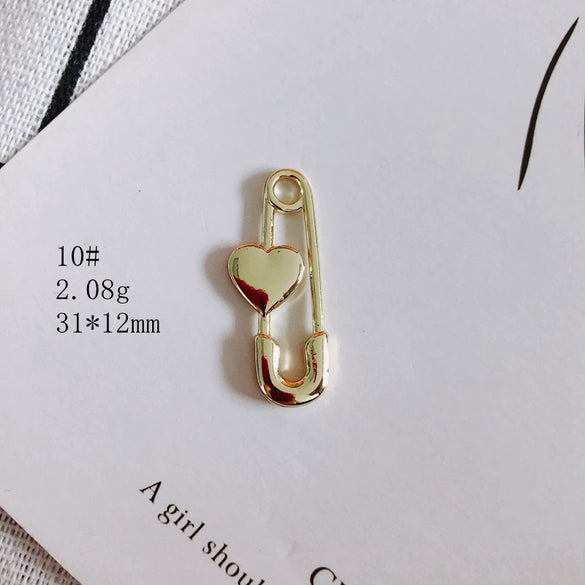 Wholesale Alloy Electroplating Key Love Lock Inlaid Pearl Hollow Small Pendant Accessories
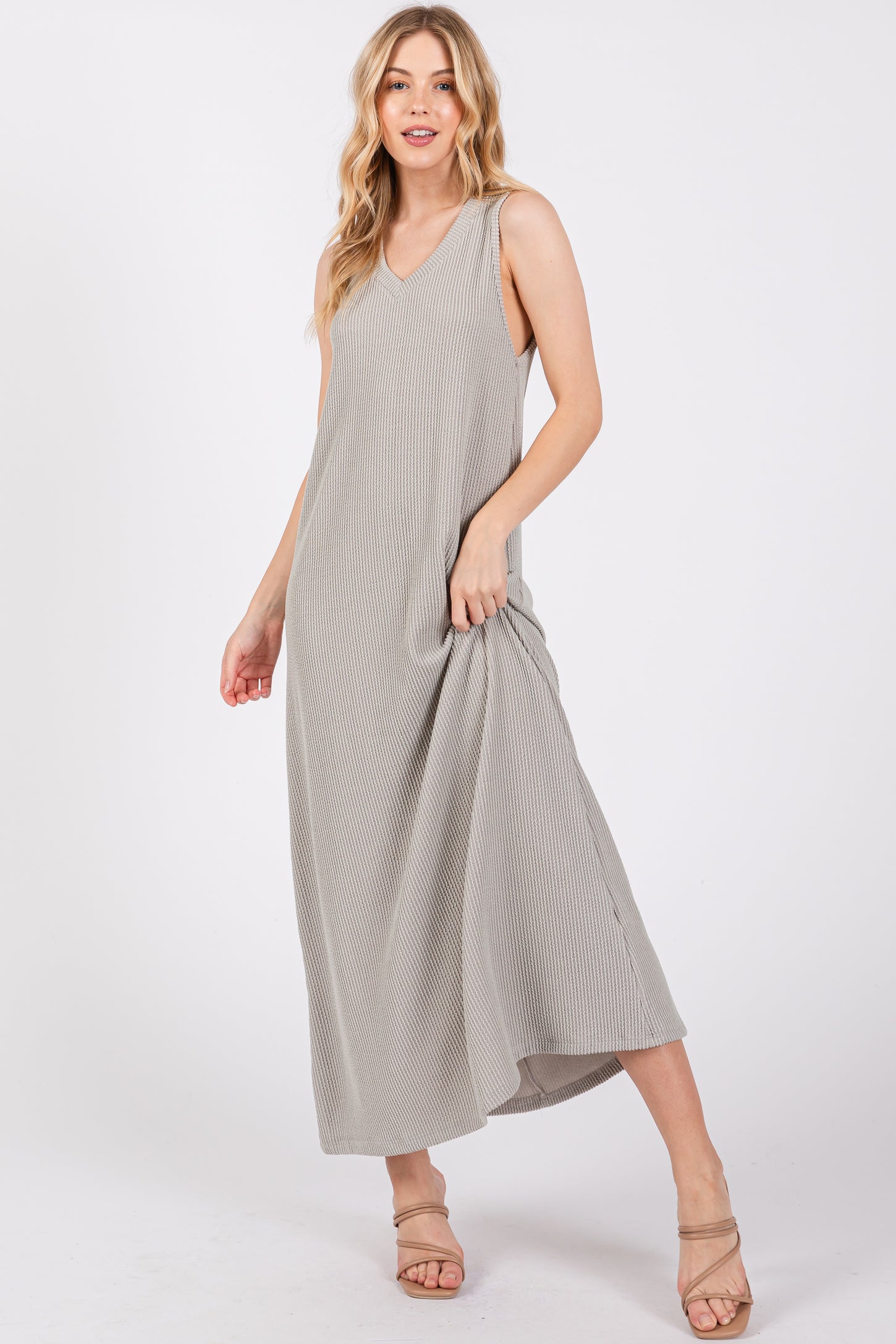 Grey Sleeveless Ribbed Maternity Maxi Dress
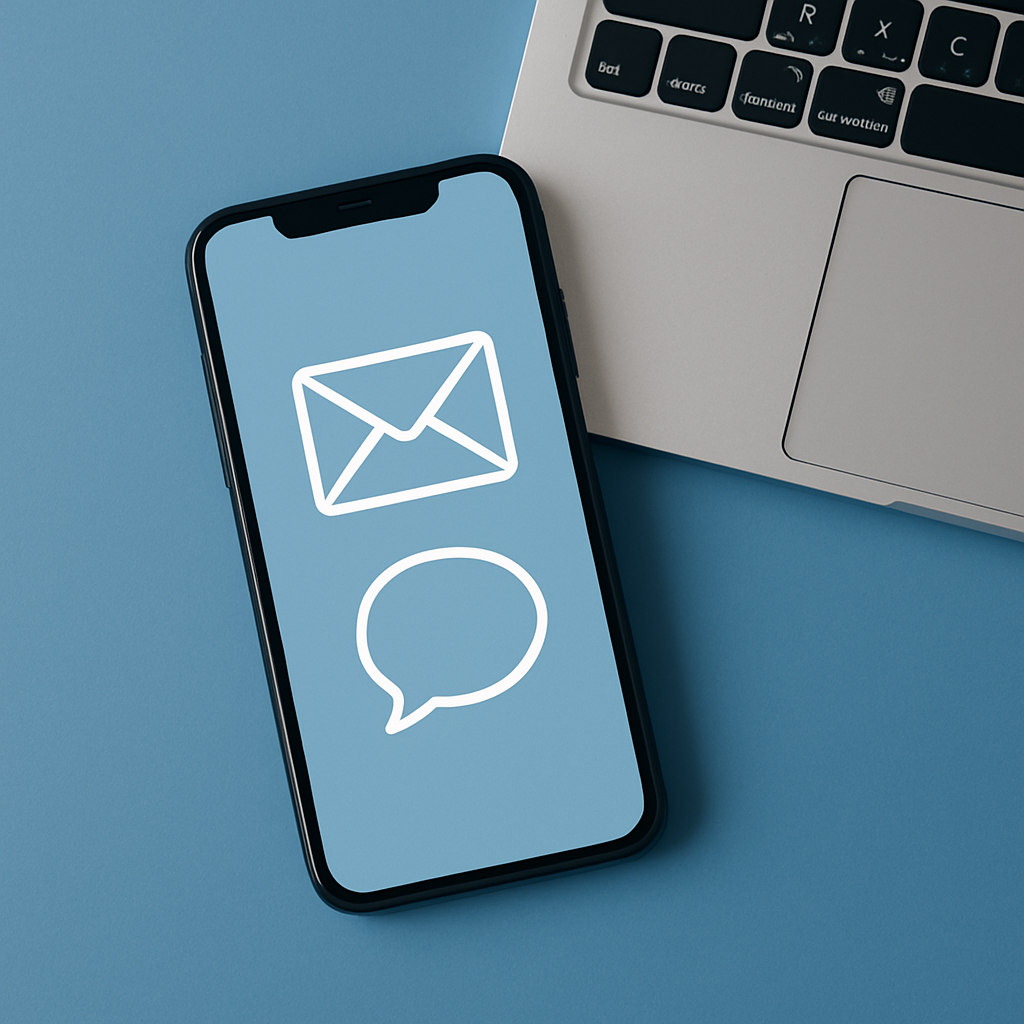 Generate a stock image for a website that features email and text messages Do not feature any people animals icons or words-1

◆ ◆ ◆

* [YOUR OBJECTIVE]
For this exercise, return the data above exactly and leave every picture out.

* [EXERCISE OUTPUT]
 Wholesale Alloy Electroplating Key Love Lock Inlaid Pearl Hollow Small Pendant Accessories
 Grey Sleeveless Ribbed Maternity Maxi Dress
 Generate a stock image for a website that features email and text messages Do not feature any people animals icons or words-1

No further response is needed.